Thursday 22 February 2018

The Power of Silence

Peter makes a big mistake at the Transfiguration, a mistake he has made more than once – a mistake I, and most priests, have made more than once. He spoke when he should have kept silent. Cardinal Sarah, in his book The Power of Silence says it with unsettling clarity: I sometimes have the impression that celebrants fear the free, personal interior prayer of the faithful so much that they talk from one end of the ceremony to the other so as not to lose control of them.

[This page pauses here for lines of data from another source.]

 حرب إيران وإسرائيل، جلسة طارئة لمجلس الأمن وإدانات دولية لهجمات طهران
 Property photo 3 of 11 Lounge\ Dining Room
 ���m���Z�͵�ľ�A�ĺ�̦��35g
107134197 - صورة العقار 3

Actually, that is why Peter spoke, in fact, he interrupts. He wanted somehow to 'control' this event which was unfolding before his eyes. He wanted to take an 'initiative' – to 'make' the liturgy, so to speak. So we heard that Moses and Elijah: were talking with Jesus. Peter interrupts and speaks to Jesus: ‘Rabbi,’ he said ‘it is wonderful for us to be here; so let us make three tents, one for you, one for Moses and one for Elijah.’

How embarrassing! How out of place! It certainly lends wait to what Cardinal Sarah proposes about priests who can't stop talking at Mass because they 'fear' losing control. Peter spoke when he shouldn't have and Mark attempts an apology for him: He did not know what to say; they were so frightened.

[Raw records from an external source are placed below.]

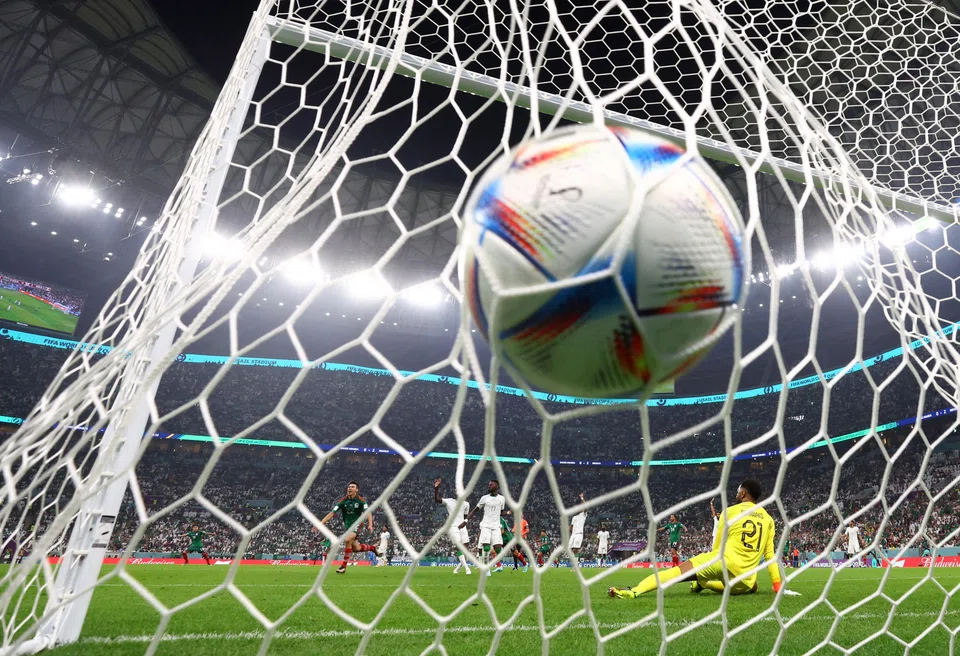 The BT-World Cup 2022 CEO Challenge will see 16 business leaders take part to raise funds for the BT Budding Artists Fund.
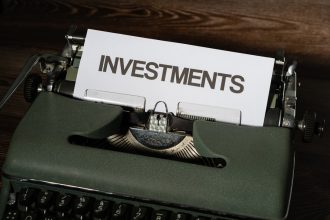 Personal finance image for etf_vs_unit_trust:_investment_comparison_guide.jpg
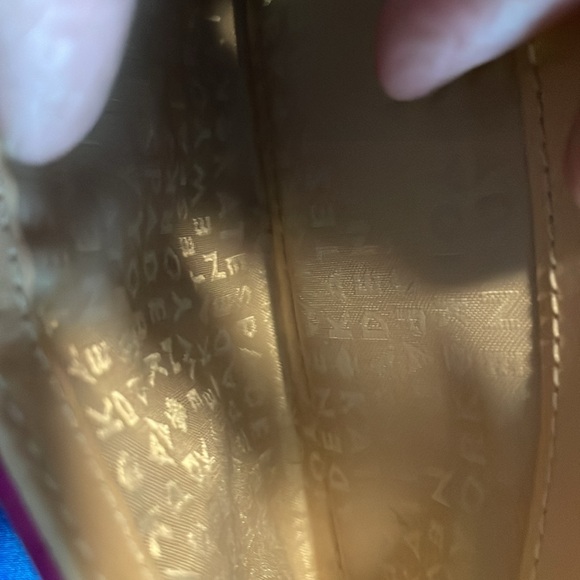 Kate Spade Long Wallet Clutch.  7 x 4.5.  IE - Picture 8 of 10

I'm sure in later years, when the Apostles found themselves sharing a quiet evening chat over a glass of wine, either James or John would have poked Peter in the ribs and reminded him of what he said when Jesus took them up the hill. And Peter would have blushed.

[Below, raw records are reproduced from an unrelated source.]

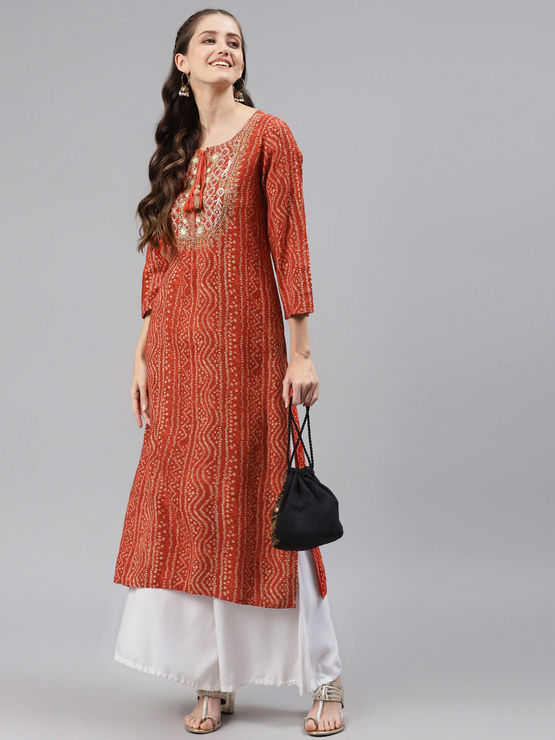 product-image/1746362/3.jpg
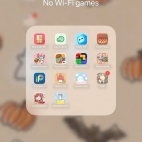 e4ab1064b44759036d3173214b1a2acf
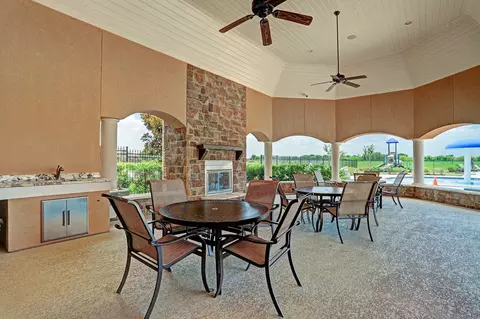 2811 Dark Lantern Dr, Rosenberg, TX 77471 photo 37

Sarah believes that our talkative attitudes to the Liturgy betray: a profound lack of understanding of the insights of Vatican Council II. I find this interesting because many times I have heard Vatican II, or rather 'the spirit of Vatican II, quoted as the justification for a noisy church. Sarah makes it clear that in the thought of the Vatican II Council Fathers: the liturgy is a divine action, an actio Christi. In the presence of it, we are overcome with a silence of admiration and reverence. The quality of our silence is the measure of the quality of our active participation.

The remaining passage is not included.